### MATERIAL FOR THIS TASK ###

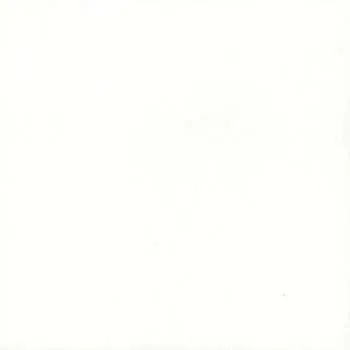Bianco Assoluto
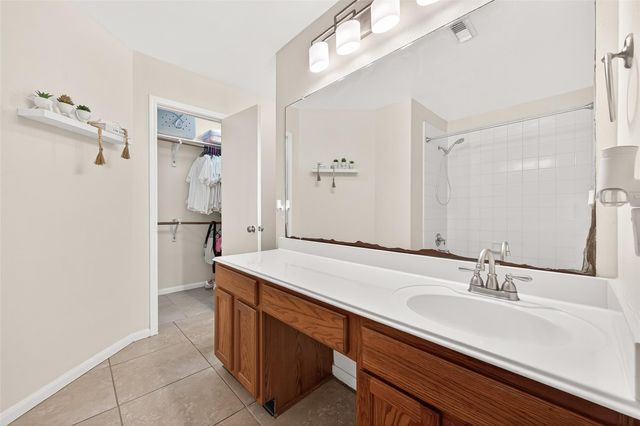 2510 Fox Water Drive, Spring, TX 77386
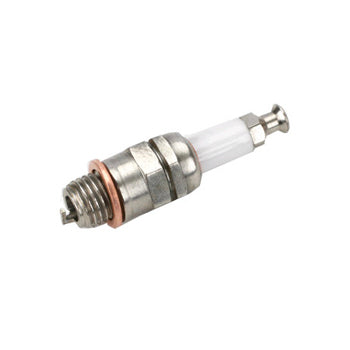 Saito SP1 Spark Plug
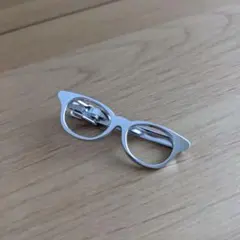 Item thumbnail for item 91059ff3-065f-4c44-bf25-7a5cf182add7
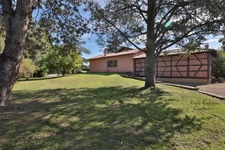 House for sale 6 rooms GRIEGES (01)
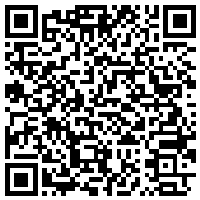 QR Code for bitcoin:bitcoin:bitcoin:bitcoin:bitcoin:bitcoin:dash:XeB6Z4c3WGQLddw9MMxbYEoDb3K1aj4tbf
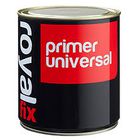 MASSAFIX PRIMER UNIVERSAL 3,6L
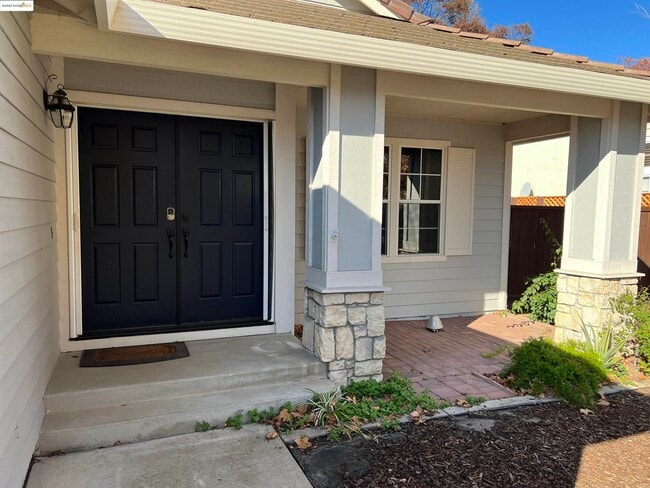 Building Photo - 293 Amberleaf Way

###
### MATERIAL FOR THIS TASK ###

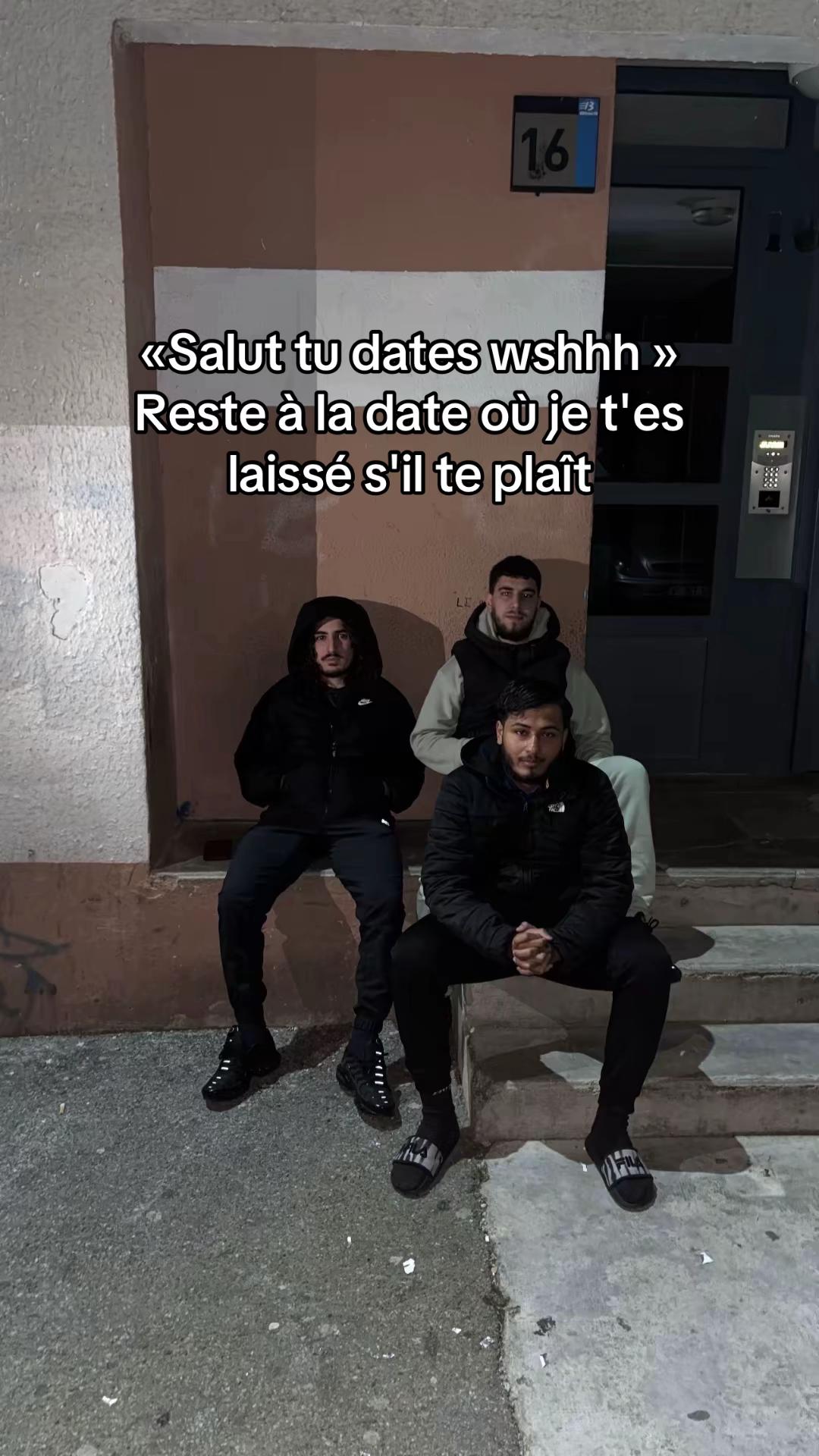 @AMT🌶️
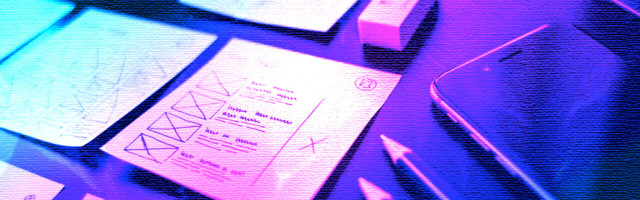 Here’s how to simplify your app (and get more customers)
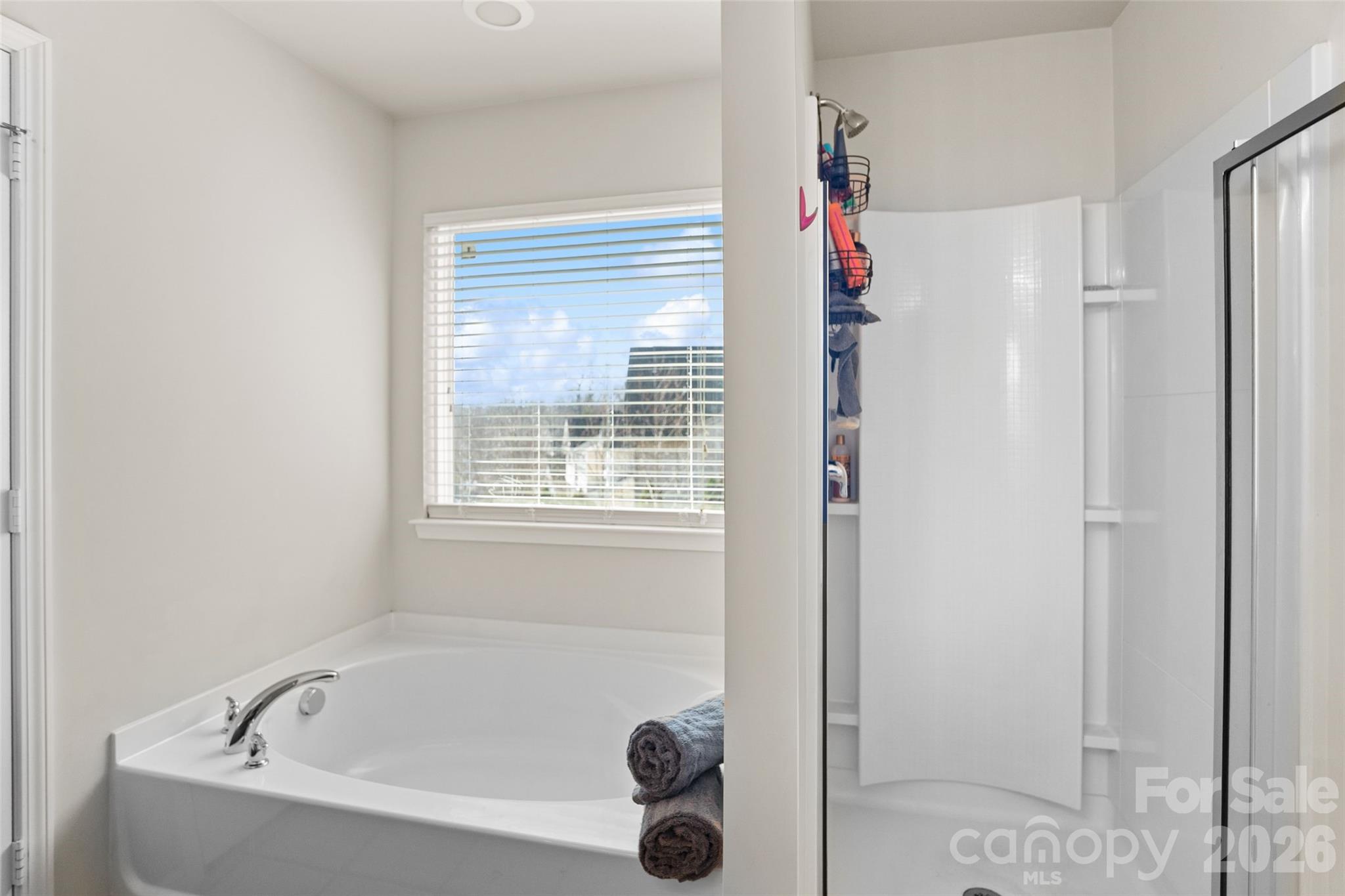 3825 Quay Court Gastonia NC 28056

###

TASK TO COMPLETE = Starting at the line above that holds "House for sale 6 rooms GRIEGES (01)", repeat every line exactly down to and including the line that holds "Building Photo - 293 Amberleaf Way", then stop. Do not carry over any pictures.

OUTPUT BELOW =
 House for sale 6 rooms GRIEGES (01)
 QR Code for bitcoin:bitcoin:bitcoin:bitcoin:bitcoin:bitcoin:dash:XeB6Z4c3WGQLddw9MMxbYEoDb3K1aj4tbf
 MASSAFIX PRIMER UNIVERSAL 3,6L
 Building Photo - 293 Amberleaf Way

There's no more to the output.